Many employees are working remotely due to the COVID-19 pandemic and government orders restricting travel and normal workplace operations. Because remote employees aren't clocking in and out at the employer's physical premises, it's increasingly important for employers to ensure that their timekeeping and pay practices comply with federal, state, and local requirements.
The U.S. Department of Labor (DOL) has recently published guidance (Field Assistance Bulletin 2020-5) that addresses federal rules for paying remote workers. While the guidance doesn't carry the same weight as a regulation or law, it demonstrates how the DOL intends to enforce federal wage and hour requirements. Below are four key takeaways from the guidance.
Background:
The federal Fair Labor Standards Act (FLSA) requires employers to pay non-exempt employees for all hours worked. As such, employers have an obligation to track the number of hours of work performed by these employees. When non-exempt employees work from home it can be more complicated to ensure that they are properly tracking all time spent working.
Recent DOL Guidance:
#1: Pay required even if work wasn't requested/approved
In the DOL's recent guidance, the agency reiterated that employers must pay for all hours worked, including hours not requested but "suffered or permitted" to be worked, including work performed at home. If you know or have reason to believe that work is being performed, the time must be counted as hours worked, according to the DOL. The FLSA places a significant burden on employers that are deemed to have "actual or constructive knowledge of additional unscheduled hours worked by their employees." See example in #2 below.
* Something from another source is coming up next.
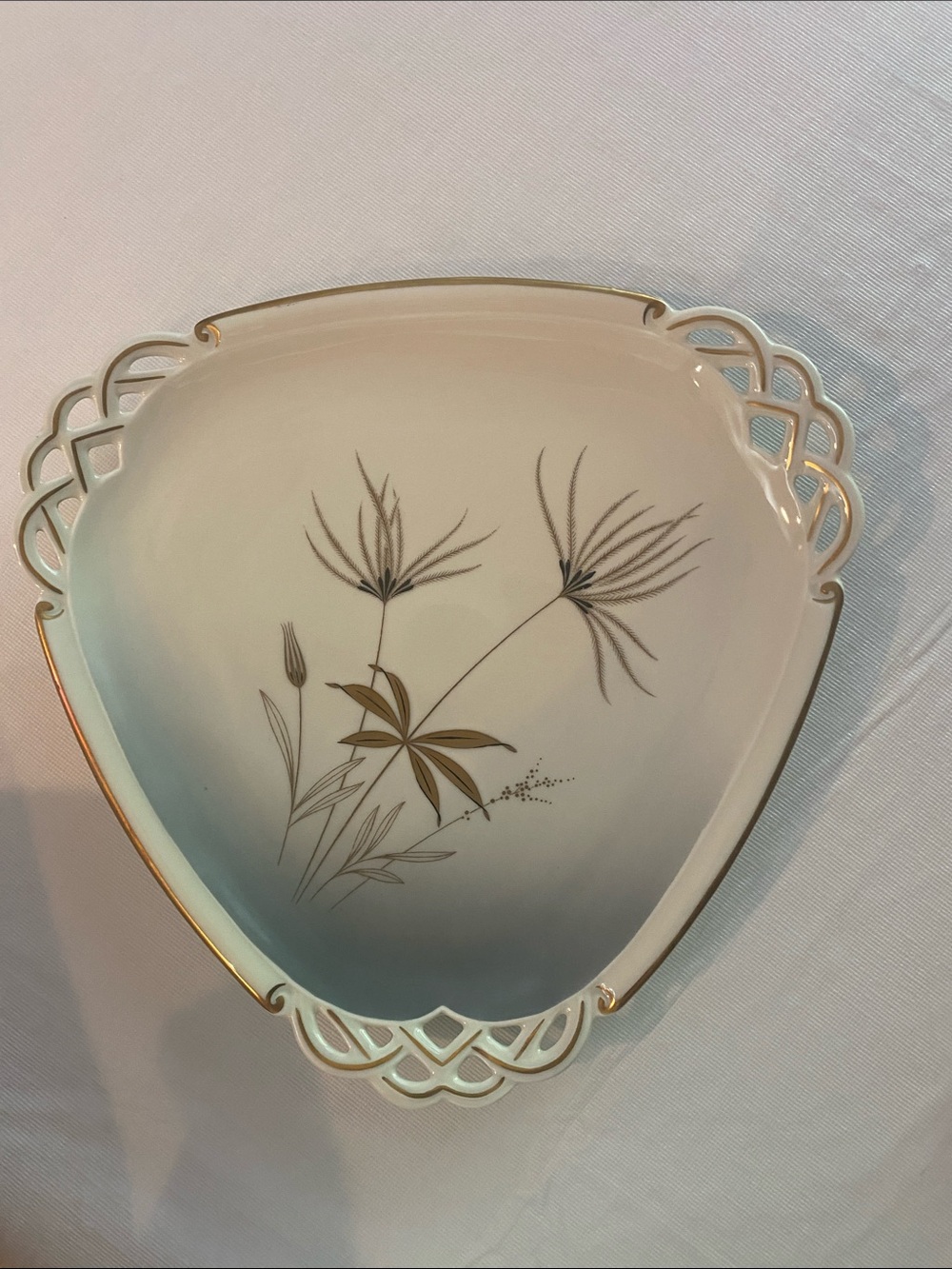 Mid-century Porcelain Serving Dish with Gold Trim.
#2: Rules prohibiting unscheduled work aren't enough
According to the DOL, merely having a rule prohibiting unscheduled or unauthorized work isn't enough. Employers should also establish a reasonable process for an employee to report unscheduled work time. However, you can't discourage or impede accurate reporting under this process and must train employees on how to properly report such time.
If such a system is made available, and an employee fails to report unscheduled hours worked, the employer is generally not required to investigate further to uncover unreported hours, according to the DOL. For instance, although "an employer may have access to non-payroll records of employees' activities, such as records showing employees accessing their work-issued electronic devices outside of reported hours, reasonable diligence generally doesn't require the employer to undertake impractical efforts such as sorting through this information to determine whether its employees worked hours beyond what they reported."
In a footnote, though, the DOL states this is not to say that consultation of records outside of the employer's timekeeping procedure may never be relevant. Depending on the circumstances, it could be practical to consult such records. If so, those records would form the basis of constructive knowledge of hours worked.
Example: The guidance doesn't give a specific example, but let's say an employer receives a project from an employee via email after the employee's normal work hours and the employee hasn't reported any additional time worked. In this case, the employer should investigate further to determine if the employee worked past 5 PM or there is some other explanation (e.g., the employee was done by 5 PM but scheduled the email to deliver after that time).
#3: Action needed to demonstrate FLSA compliance
Employers should take action to appropriately obtain and account for unscheduled time worked, such as:
- Set up a reasonable process for employees to report unscheduled hours worked and then compensate employees for all reported work hours, whether or not the hours were requested/approved by the employer.
- Clearly communicate any rules and procedures related to unscheduled work time. Consider drafting and communicating rules requiring employees to report all hours worked, expressly prohibit off-the-clock work, and require employees to review and confirm their work hours at the end of each pay period and report any discrepancies if necessary.
- Train employees on how to use the company's timekeeping and reporting system and ensure that access to the system is not impeded or discouraged.
For additional information, see the Field Assistance Bulletin 2020-5.
#4: Consider impact on outside sales exemption
Due to the continuing restrictions related to the COVID-19 pandemic, some employers may need to evaluate whether employee exemptions from minimum wage and/or overtime under the FLSA and similar state laws remain valid for certain employees, notably outside sales employees.
According to DOL Fact Sheet 17F, to be exempt from overtime, an outside sales employee's primary duty must be making sales or obtaining orders or contracts for services or for the use of facilities, and the employee must be customarily and regularly engaged in work away from the employer's places of business.
Generally, outside sales doesn't include sales made by mail, telephone, or the Internet unless such contact is used merely in addition to in-person calls. "Any fixed site, whether home or office, used by a salesperson as a headquarters or for telephonic solicitation of sales is considered one of the employer's places of business, even though the employer isn't in any formal sense the owner or tenant of the property."
To the extent that outside salespersons have generally not been making regular visits to customers, trade shows, and similar events due to COVID-19 restrictions, you may want to seek appropriate legal counsel to determine whether their exempt status remains valid.
Conclusion:
Employers with remote or outside sales employees may need to ensure that their pay and timekeeping practices remain valid in this environment. Employers may also be subject to state and local requirements that may provide greater protection to employees. Review all requirements applicable to your business to ensure compliance.